Your objective: Out of the material that follows, write out exactly the lines from the line with "Easter's Paw Patrol Tin Carrier" to the line with "Adidas Jeans Cloud", both ends included, and no others.

Information supplied:
********************

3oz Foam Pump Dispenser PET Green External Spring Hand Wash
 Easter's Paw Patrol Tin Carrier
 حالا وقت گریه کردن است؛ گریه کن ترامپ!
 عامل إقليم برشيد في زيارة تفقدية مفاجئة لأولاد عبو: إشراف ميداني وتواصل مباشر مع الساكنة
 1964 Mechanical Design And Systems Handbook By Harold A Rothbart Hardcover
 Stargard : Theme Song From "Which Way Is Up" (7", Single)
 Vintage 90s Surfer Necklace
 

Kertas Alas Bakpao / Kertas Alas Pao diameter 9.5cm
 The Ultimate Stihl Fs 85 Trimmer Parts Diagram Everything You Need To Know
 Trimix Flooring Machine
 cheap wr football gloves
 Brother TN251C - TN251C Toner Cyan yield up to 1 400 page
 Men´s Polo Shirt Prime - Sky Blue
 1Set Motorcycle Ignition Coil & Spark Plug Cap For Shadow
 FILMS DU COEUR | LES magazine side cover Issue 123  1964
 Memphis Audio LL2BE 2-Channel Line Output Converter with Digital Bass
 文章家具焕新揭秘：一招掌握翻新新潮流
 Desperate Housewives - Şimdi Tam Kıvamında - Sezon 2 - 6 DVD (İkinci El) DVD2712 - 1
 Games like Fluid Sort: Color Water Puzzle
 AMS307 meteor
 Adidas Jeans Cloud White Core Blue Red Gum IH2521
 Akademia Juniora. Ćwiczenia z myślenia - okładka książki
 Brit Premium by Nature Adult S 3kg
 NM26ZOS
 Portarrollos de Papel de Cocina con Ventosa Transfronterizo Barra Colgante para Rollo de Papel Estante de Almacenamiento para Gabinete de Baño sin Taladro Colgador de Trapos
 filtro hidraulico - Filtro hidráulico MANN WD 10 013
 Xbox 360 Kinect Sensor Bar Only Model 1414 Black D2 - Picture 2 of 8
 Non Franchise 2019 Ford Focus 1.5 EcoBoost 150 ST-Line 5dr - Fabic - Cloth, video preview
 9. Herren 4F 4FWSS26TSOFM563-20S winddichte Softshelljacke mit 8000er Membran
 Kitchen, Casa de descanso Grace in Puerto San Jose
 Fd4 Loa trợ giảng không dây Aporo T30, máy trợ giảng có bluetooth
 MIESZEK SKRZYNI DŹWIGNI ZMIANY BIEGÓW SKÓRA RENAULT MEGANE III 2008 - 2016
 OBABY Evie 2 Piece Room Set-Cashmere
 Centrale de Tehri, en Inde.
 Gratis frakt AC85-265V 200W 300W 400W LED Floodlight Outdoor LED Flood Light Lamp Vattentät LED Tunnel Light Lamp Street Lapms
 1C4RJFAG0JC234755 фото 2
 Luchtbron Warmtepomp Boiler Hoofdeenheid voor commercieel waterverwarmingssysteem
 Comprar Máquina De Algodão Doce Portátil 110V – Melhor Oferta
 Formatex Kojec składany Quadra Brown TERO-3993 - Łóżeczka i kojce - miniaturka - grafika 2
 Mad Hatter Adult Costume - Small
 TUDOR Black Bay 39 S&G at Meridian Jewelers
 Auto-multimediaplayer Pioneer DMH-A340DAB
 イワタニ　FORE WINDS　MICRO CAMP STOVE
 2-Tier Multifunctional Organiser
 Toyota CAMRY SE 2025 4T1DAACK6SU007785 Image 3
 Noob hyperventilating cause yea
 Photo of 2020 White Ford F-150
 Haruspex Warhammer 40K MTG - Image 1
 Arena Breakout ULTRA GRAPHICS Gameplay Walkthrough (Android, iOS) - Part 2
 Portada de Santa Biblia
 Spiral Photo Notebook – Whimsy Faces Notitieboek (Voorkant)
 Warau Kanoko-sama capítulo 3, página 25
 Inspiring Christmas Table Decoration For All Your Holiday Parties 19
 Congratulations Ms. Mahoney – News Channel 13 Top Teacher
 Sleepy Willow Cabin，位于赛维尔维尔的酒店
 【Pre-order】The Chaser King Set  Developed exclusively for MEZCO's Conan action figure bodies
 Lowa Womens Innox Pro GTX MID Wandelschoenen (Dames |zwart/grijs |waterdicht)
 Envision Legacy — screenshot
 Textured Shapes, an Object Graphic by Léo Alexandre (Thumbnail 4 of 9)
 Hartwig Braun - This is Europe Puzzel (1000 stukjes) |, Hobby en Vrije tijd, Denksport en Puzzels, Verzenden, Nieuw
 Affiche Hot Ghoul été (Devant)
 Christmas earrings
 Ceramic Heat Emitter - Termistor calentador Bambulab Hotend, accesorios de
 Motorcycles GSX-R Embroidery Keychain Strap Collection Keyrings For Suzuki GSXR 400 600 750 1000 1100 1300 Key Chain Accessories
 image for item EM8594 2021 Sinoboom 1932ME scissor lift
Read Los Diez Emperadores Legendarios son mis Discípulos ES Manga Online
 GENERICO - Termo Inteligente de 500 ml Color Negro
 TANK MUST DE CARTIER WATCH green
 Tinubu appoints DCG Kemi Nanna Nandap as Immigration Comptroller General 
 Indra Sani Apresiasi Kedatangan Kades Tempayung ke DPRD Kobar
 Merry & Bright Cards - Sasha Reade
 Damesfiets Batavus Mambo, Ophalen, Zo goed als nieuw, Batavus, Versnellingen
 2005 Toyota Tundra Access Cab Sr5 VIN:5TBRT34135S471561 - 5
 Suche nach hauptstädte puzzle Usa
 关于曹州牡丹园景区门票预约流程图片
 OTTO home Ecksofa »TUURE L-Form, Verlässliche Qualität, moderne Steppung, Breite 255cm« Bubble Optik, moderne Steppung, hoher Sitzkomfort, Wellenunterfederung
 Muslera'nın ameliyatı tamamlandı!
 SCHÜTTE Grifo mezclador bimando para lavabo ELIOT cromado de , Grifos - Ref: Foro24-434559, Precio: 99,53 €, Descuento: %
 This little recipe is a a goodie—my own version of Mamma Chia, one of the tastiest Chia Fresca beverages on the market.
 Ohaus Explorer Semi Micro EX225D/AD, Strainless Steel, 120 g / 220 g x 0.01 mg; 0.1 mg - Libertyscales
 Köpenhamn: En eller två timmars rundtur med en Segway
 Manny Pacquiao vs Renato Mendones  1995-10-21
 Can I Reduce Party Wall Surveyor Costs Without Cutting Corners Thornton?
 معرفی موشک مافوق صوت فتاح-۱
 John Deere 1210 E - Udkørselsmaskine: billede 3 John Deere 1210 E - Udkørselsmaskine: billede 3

********************

Answer to the problem:
 Easter's Paw Patrol Tin Carrier
 حالا وقت گریه کردن است؛ گریه کن ترامپ!
 عامل إقليم برشيد في زيارة تفقدية مفاجئة لأولاد عبو: إشراف ميداني وتواصل مباشر مع الساكنة
 1964 Mechanical Design And Systems Handbook By Harold A Rothbart Hardcover
 Stargard : Theme Song From "Which Way Is Up" (7", Single)
 Vintage 90s Surfer Necklace
 

Kertas Alas Bakpao / Kertas Alas Pao diameter 9.5cm
 The Ultimate Stihl Fs 85 Trimmer Parts Diagram Everything You Need To Know
 Trimix Flooring Machine
 cheap wr football gloves
 Brother TN251C - TN251C Toner Cyan yield up to 1 400 page
 Men´s Polo Shirt Prime - Sky Blue
 1Set Motorcycle Ignition Coil & Spark Plug Cap For Shadow
 FILMS DU COEUR | LES magazine side cover Issue 123  1964
 Memphis Audio LL2BE 2-Channel Line Output Converter with Digital Bass
 文章家具焕新揭秘：一招掌握翻新新潮流
 Desperate Housewives - Şimdi Tam Kıvamında - Sezon 2 - 6 DVD (İkinci El) DVD2712 - 1
 Games like Fluid Sort: Color Water Puzzle
 AMS307 meteor
 Adidas Jeans Cloud White Core Blue Red Gum IH2521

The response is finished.